(FOLHAPRESS) - Que os argentinos guardam seus dólares em maletas, vasos de plantas e no fundo do armário não é segredo, e em busca de injetar mais de US$ 200 bilhões que estão fora do sistema na economia formal, o governo de Javier Milei anunciou nesta quinta-feira (22) um pacote de medidas para incentivar o uso de dinheiro não declarado.
O plano para legalizar as economias no "colchão", abrandando os pedidos de declarações sobre a origem dos recursos, está previsto para começar em 1º de junho. Para evitar o estigma de que se trata de uma lavagem de dinheiro, a Casa Rosada batizou o programa de "Plano de Reparação Histórica da Poupança dos Argentinos".
A Arca (órgão responsável pela arrecadação de impostos e o controle aduaneiro) deixará de pedir informações ao contribuinte em diferentes operações, como compras com cartões de crédito e débito e carteiras virtuais para consumo pessoal. Até então, os es dos cartões tinham de informar o órgão sobre todas as operações.
Além disso, os cartórios não terão que comunicar operações por meio de relatórios mensais. A compra de carros usados, o anúncio de que um imóvel havia sido colocado à venda, pagamentos de despesas inferiores a 32 mil pesos argentinos e gastos com serviços públicos -como eletricidade, água, gás e telefone- também deixam de ser reportadas.
O governo ainda vai aumentar os limites de valores mensais mínimos a partir dos quais as instituições financeiras e empresas devem informar ao Fisco, em operações como saques, transferências e investimentos em renda fixa.
Antes do anúncio, as sinalizações dadas por Milei em entrevistas indicavam que as medidas seriam até mais agressivas, com a permissão para a lavagem de dólares sem um limite de valor, o que poderia fazer com que a Argentina descumprisse acordos internacionais sobre o tema.
O plano terá duas etapas: uma que será feita pelo governo por meio de um decreto a ser assinado por Milei e outra que será enviada ao Congresso como um projeto de lei.
O porta-voz do presidente, Manuel Adorni, destacou que o princípio da inocência dos contribuintes será respeitado a partir de agora e que os argentinos serão considerados inocentes até que se prove o contrário.
Acompanhando a equipe do Ministério da Fazenda, entre eles o ministro Luis Caputo, e o chefe da Arca, Juan Pazo, Adorni listou as razões que levaram o governo a implementar esse plano.
Ele argumentou que a Argentina é um país onde a poupança foi criminalizada, o que é resultado de uma má gestão governamental que desestimulou a criação de riqueza e levou à inflação e a um sistema tributário injusto.

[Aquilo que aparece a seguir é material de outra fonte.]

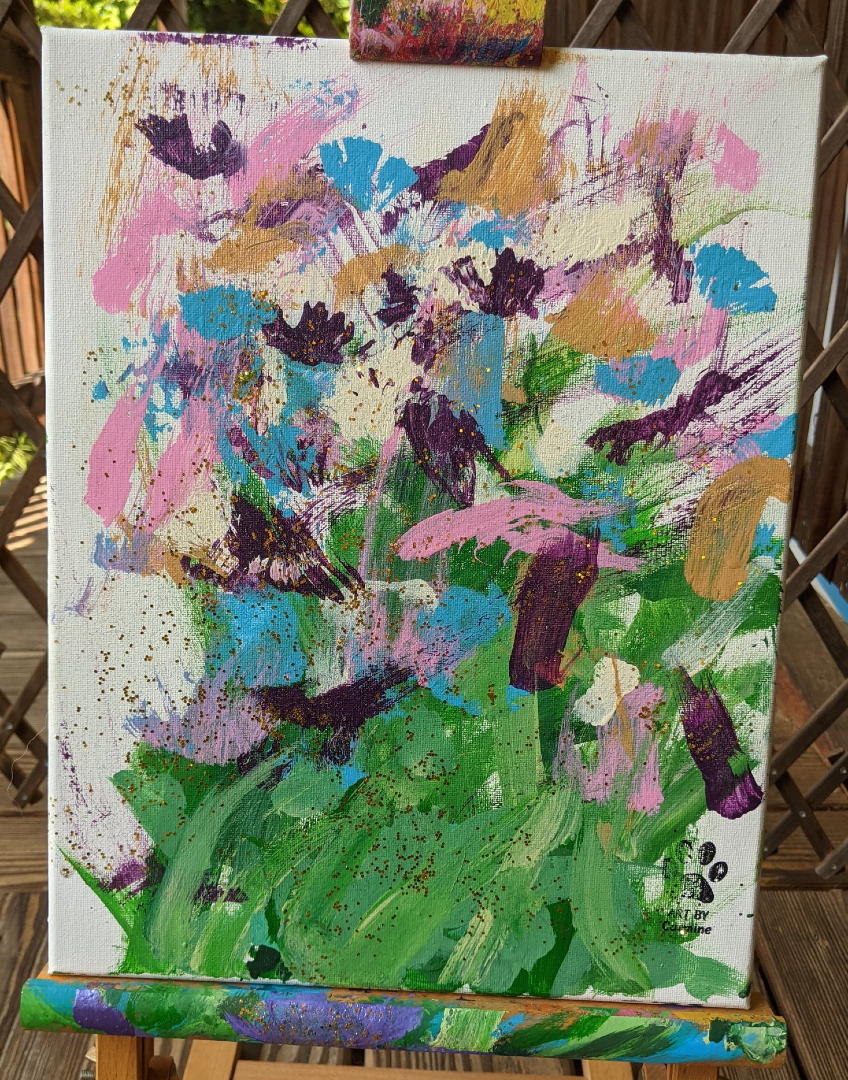 Flowers for Piper by Carmine the Painting Dog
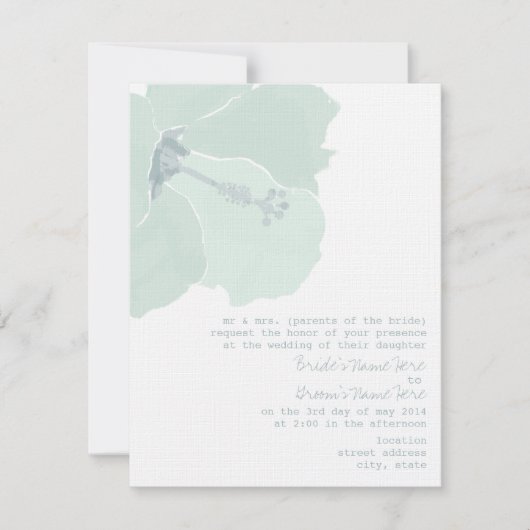 アクアハイビスカスフラワートロピカルビーチ結婚式 招待状 (正面)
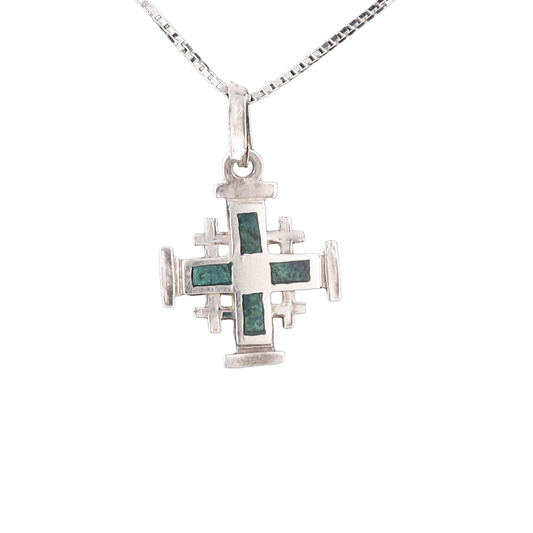 Eilat Stone & Sterling Silver Jerusalem Cross Pendant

Também disse que o governo anterior, do peronista Alberto Fernández, havia aumentado impostos sobre os cidadãos, prejudicando a economia e forçando muitos a optarem por soluções informais.
"Essa abordagem excessivamente fiscalizadora não conseguiu resolver problemas de lavagem de dinheiro, e em vez de ajudar, fez com que cidadãos honestos se sentissem desconfiados do sistema financeiro", disse.
Adorni enfatizou que os cidadãos devem ter controle sobre seus próprios recursos e não precisam explicar a origem do dinheiro.
"Aqueles que têm dólares no colchão escaparam de um regime opressivo", disse recentemente Milei em um congresso de executivos de finanças. "Acreditamos que não são criminosos, são pessoas que conseguiram escapar."
Apesar das críticas da oposição sobre como essas medidas afetariam o combate à lavagem de dinheiro e que poderiam regularizar dólares obtidos por meio de atividades ilícitas, Adorni garantiu que o governo não desistirá do combate ao crime financeiro, e afirmou que recursos seriam alocados para punir criminosos de forma rigorosa.
O governo estima que os argentinos mantenham entre US$ 200 bilhões e US$ 400 bilhões fora do sistema. Os motivos incluem a falta de confiança na moeda local que desestimula a poupança em pesos e episódios traumáticos, como o confisco de 2001, conhecido como "corralito".
A falta de dólares é um problema crônico da economia argentina, e o banco central vinha perdendo reservas mês a mês desde a implementação do plano econômico de Milei contra a inflação. Em abril, o governo selou um novo acordo com o FMI (Fundo Monetário Internacional), de US$ 20 bilhões. A primeira parcela, de US$ 12 bilhões já foi depositada.
Este é o segundo programa de Milei para tentar formalizar os dólares que os argentinos mantêm sem declarar. No ano ado, o governo promoveu o que chama de "blanqueo" em três etapas, com pagamentos de impostos que iam de 30% a 15% para somas maiores de US$ 100 mil.